From possible obstruction of justice in Special Counsel Robert Mueller's Russia probe, to his taxes, business dealings in New York and a phone call to Georgia Secretary of State Brad Raffensperger asking to "find" votes, Trump's potential legal woes have mounted.

He may also be deposed in New York as two women are suing him for defamation after he said their allegations of sexual assault were lies. Looming over everything is his potential liability in the Capitol riot, which has led to speculation that he may try to pardon himself. Even if this is constitutional, it would not shield him from state charges.
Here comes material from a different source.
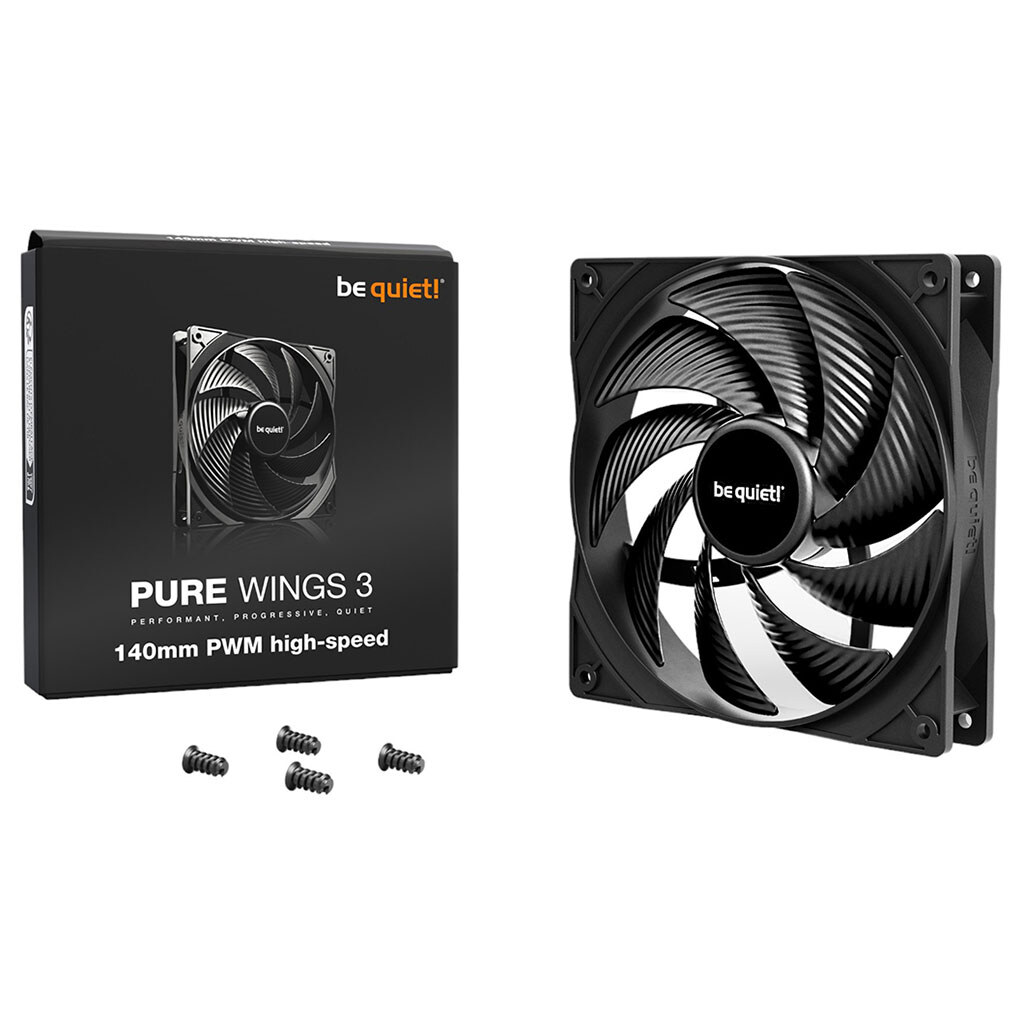 Вентилятор be quiet! Pure Wings 3 BL109, Чорний - № 3 Вентилятор be quiet! Pure Wings 3 BL109, Чорний - № 3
Manhattan District Attorney Cyrus Vance and New York Attorney General Letitia James are both investigating the president in probes that could lead to criminal charges.

And in Scotland, there have been renewed calls to issue an Unexplained Wealth Order against Trump to investigate how he acquired his multi-million dollar Turnberry property, which was reportedly paid for in cash. This could potentially bring criminal charges in a jurisdiction outside of the U.S., though the Scottish government has expressed reluctance.
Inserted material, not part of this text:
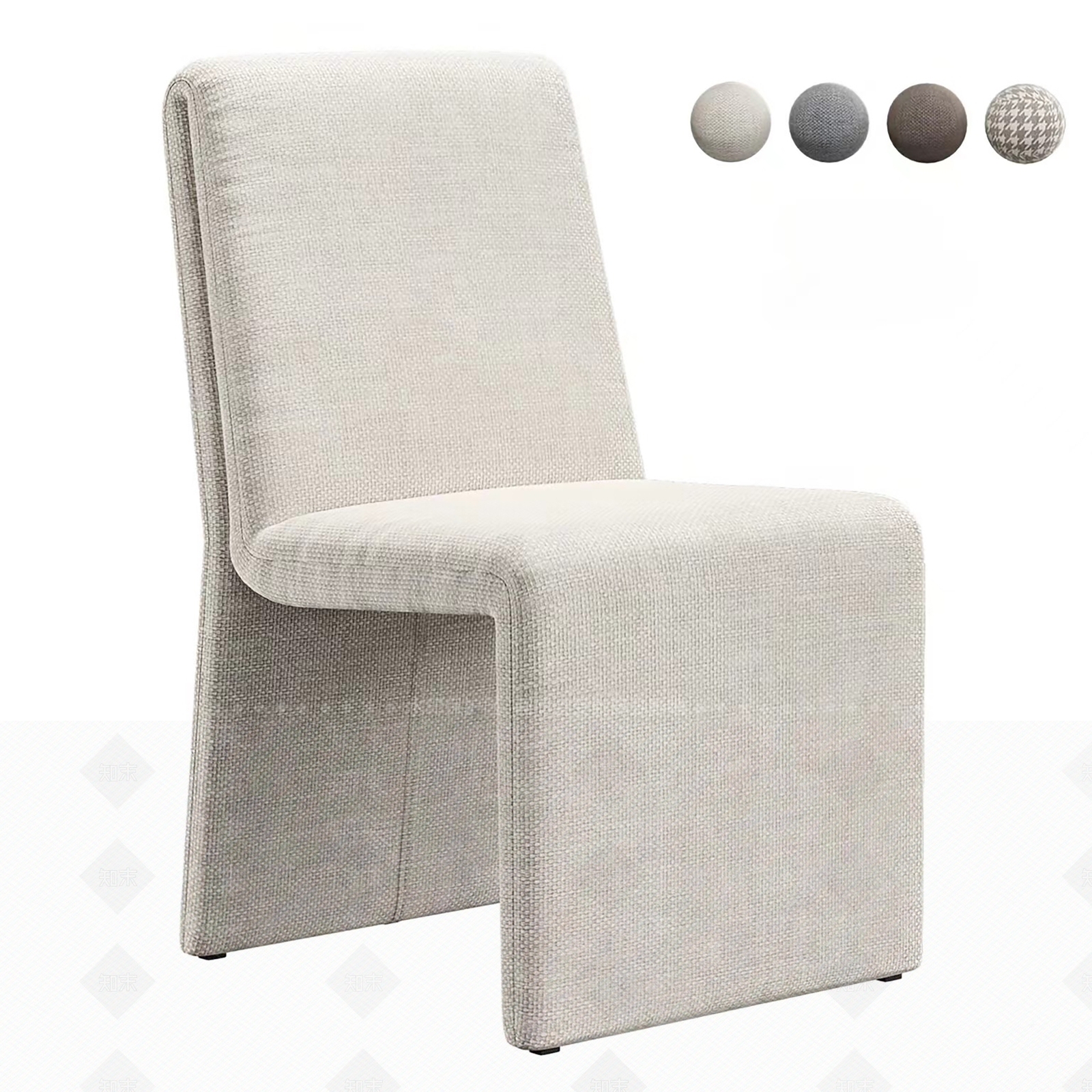 现代西榆树椅子3D模型下载【ID:1160259667】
President Donald Trump Greets Supporters
President Donald Trump greets supporters as he exits Air Force One at Valley International Airport on January 12, 2021 in Harlingen, Texas. Trump's future is uncertain as he faces as second impeachment trial. Go Nakamura/Getty Images

Trump's other businesses have recently lost out on deals in the wake of the Capitol riot. The 2022 U.S. PGA Championship will no longer be held at the president's New Jersey golf club, in a move that reportedly stung the president.

New York Mayor Bill de Blasio announced last week that the city was terminating contracts with the Trump Organization worth around $17 million per year, while Deutsche Bank will no longer do business with Trump. Signature Bank similarly cut ties.

Deutsche Bank was the last major bank willing to work with Trump and holds around $340 million in outstanding loans to the Trump Organization. Overall, the Trump Organization owes around $1 billion.

Trump has personal liability for much of the debt and though it could be paid off through sale of Trump Organization assets, this too could prove difficult and raises questions about the future of the company.

One avenue Trump could explore is media, especially if his more traditional business ventures face difficulty. There has been widespread speculation that he could set up a conservative news network to rival Fox News.

This would take significant time and investment and it could be hamstrung by Trump's suspension from Twitter and other social media. Following the Capitol riot, any "Trump TV" station might struggle to convince cable operators to carry the new network or to win much-needed advertisers. He may have to settle for guest appearances on Fox News, Newsmax and OANN, though the latter two reach a much smaller audience.

And what about a return to the show that made Trump a household name, NBC's The Apprentice?There have been periodic reports that Trump is interested in reviving the show, which earned him $427 million, according to The New York Times.

However, it's difficult to see NBC, or any major cable network, handing Trump a lucrative contract following the last four years and recent events at the Capitol. It's uncertain if he could revive the format elsewhere.

Many former presidents negotiate favorable book deals, netting tens of millions, but Trump has been widely mocked for his unwillingness to read and his many typos on social media. Any memoir would likely need a ghostwriter and it's unclear if any major publisher would buy the rights.

Trump has more immediate concerns than writing a book or securing a return to TV. An impeachment trial and possible criminal charges lie ahead and the Trump Organization's future is a major cause for concern. Trump's future may be the most uncertain of any former president in recent history but he's unlikely to disappear from the headlines on Wednesday.

The Trump campaign and the White House have been asked for comment on this article.